— Allez-y, déclarai-je.
— J’ai travaillé, il n’y a pas si longtemps, avec votre mari, madame la vice-présidente. C’était quelqu’un de bien, et il va nous manquer.
— Merci.
— Il s’intéressait vivement, tout comme moi, à la mort de Mars, il y a des centaines de millions d’années. En fait, il est inexact de parler de mort, car la planète n’est pas encore refroidie à l’intérieur. Il subsiste une légère activité aréologique. Mais les panaches qui s’élèvent dans le manteau se sont stabilisés et ne produisent plus de pression latérale sur la croûte martienne. Dans le passé, il n’y a jamais eu plus de douze plaques tectoniques. Aujourd’hui, elles sont soudées en une seule.
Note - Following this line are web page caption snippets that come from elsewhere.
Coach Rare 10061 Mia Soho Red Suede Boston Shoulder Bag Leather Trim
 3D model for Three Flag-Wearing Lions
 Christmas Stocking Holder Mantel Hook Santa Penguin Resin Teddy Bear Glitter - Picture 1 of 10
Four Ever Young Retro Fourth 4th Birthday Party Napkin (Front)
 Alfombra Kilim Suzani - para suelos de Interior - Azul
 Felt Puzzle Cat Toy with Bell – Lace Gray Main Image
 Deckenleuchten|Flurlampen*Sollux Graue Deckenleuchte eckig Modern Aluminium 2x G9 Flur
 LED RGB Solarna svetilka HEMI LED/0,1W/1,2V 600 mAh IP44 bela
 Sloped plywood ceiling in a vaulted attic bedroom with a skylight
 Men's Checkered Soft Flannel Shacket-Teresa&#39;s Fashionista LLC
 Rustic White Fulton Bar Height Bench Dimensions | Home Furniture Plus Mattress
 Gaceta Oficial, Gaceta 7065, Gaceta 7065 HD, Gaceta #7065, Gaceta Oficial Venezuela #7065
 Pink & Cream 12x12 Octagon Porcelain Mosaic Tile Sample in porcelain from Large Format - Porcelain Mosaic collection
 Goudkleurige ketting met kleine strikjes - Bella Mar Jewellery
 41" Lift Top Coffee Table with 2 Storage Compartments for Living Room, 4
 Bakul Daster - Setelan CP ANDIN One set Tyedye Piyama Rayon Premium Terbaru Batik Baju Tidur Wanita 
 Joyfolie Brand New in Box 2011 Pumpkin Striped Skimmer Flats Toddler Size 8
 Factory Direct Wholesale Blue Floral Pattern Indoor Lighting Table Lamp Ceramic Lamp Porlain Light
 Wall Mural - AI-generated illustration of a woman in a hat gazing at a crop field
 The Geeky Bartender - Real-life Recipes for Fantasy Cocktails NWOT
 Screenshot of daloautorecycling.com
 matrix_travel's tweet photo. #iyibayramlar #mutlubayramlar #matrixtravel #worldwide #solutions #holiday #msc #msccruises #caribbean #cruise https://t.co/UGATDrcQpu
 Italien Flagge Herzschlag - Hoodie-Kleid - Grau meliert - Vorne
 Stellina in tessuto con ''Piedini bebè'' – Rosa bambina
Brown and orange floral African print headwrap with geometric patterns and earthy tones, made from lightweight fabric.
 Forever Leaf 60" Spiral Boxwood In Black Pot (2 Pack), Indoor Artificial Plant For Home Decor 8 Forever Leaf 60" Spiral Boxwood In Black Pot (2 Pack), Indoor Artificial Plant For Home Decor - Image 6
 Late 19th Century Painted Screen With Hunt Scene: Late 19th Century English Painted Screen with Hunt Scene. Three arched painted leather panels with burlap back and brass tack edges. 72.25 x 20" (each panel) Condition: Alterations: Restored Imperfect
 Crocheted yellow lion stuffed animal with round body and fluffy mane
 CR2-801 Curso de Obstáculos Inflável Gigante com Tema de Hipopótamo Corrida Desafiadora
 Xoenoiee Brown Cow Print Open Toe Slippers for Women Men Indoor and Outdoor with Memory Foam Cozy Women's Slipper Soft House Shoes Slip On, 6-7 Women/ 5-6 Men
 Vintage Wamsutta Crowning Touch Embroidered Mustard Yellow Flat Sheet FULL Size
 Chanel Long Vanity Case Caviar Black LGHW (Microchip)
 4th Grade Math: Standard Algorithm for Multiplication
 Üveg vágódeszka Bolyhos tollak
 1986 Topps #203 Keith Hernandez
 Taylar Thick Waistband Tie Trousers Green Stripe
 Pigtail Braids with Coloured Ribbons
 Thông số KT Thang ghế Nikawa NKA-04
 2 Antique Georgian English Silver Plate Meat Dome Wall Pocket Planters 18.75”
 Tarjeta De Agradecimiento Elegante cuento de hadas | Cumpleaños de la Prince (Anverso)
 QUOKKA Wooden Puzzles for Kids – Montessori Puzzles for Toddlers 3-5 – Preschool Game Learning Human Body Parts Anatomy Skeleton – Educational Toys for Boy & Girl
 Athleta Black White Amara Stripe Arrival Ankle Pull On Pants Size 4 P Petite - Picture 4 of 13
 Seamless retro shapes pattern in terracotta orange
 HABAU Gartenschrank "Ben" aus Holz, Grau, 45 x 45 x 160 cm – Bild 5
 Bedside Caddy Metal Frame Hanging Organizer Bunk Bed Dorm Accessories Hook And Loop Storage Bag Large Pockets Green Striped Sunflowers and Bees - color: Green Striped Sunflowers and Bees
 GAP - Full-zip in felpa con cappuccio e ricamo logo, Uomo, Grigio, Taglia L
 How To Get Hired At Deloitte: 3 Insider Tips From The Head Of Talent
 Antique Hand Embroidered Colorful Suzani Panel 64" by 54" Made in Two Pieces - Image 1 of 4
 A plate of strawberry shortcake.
L’absence de pressions latérales, de mouvement migratoire des anciennes plaques, de fractures et de subduction réduit considérablement l’activité volcanique. Les derniers volcans actifs de Mars ont été les vieux boucliers que nous connaissons tous bien, le trio de Tharsis, par exemple, ou bien Olympus Mons. Privées de mouvements tectoniques, les montagnes ont cessé de se former. En l’absence de tout volcanisme, les dégazages ont cessé et l’atmosphère ténue de Mars s’est évaporée dans l’espace sans être remplacée. La biosphère martienne est morte dans les cent millions d’années qui ont suivi la fin de l’activité tectonique. En ce qui concerne la stabilité actuelle…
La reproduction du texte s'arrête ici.